A thermodynamically-based criterion for the location of the glass transition in the system of hard spheres is proposed and its structural consequences are investigated. By re-analyzing existing computer simulation data and theoretical results, we estimate the hard-sphere glass transition reduced density to be rho(g) congruent-to 0.965, corresponding to a reduced pressure beta-P congruent-to 13.11. The capability of the Ornstein-Zernike integral equation to describe the structure and thermodynamics of both the supercooled liquid and amorphous solid and the glass transition between them is examined in detail. The detailed relationship between the bridge function B and the structure is elucidated, enabling us to introduce a B for the amorphous phase which correctly yields the divergence of the pressure at the random closest packing density.
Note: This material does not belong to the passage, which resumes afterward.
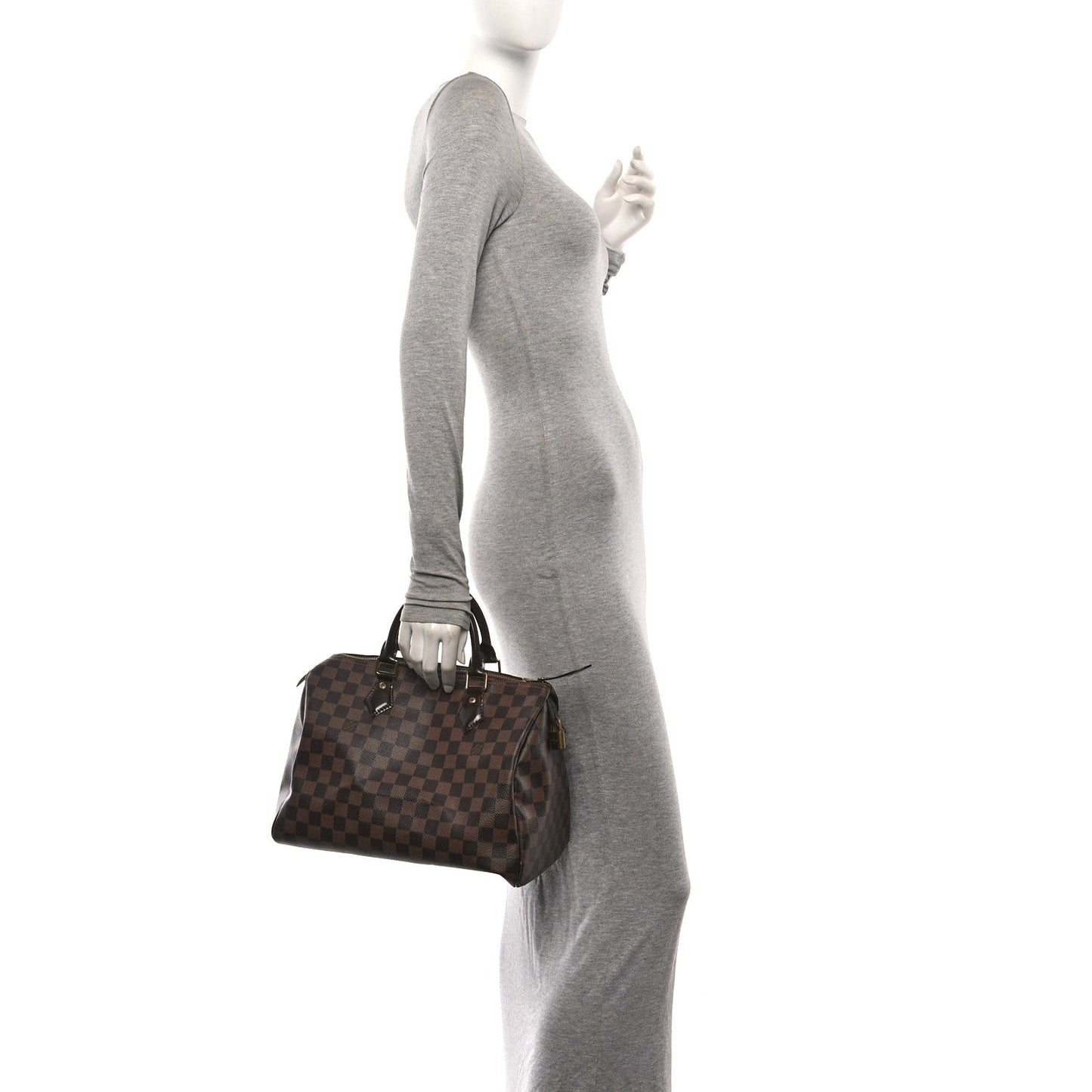 Damier Ebene Speedy 30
We call this procedure the alpha-B-OZ theory, and it produces a B that causes the contact value g* of the pair correlation function, and hence the pressure and other g*-related properties, to exhibit a slope discontinuity at the glass transition density. We examined structural indicators, based on the pair correlation function g(r), of the onset of the glass transition and found that the empirical Wendt-Abraham ratio and similar quantities are not useful. The only possible indicator of some utility is the point of onset of the split second peak in g(r), which we found to occur in the alpha-B-OZ theory at rho(a) congruent-to 1.008.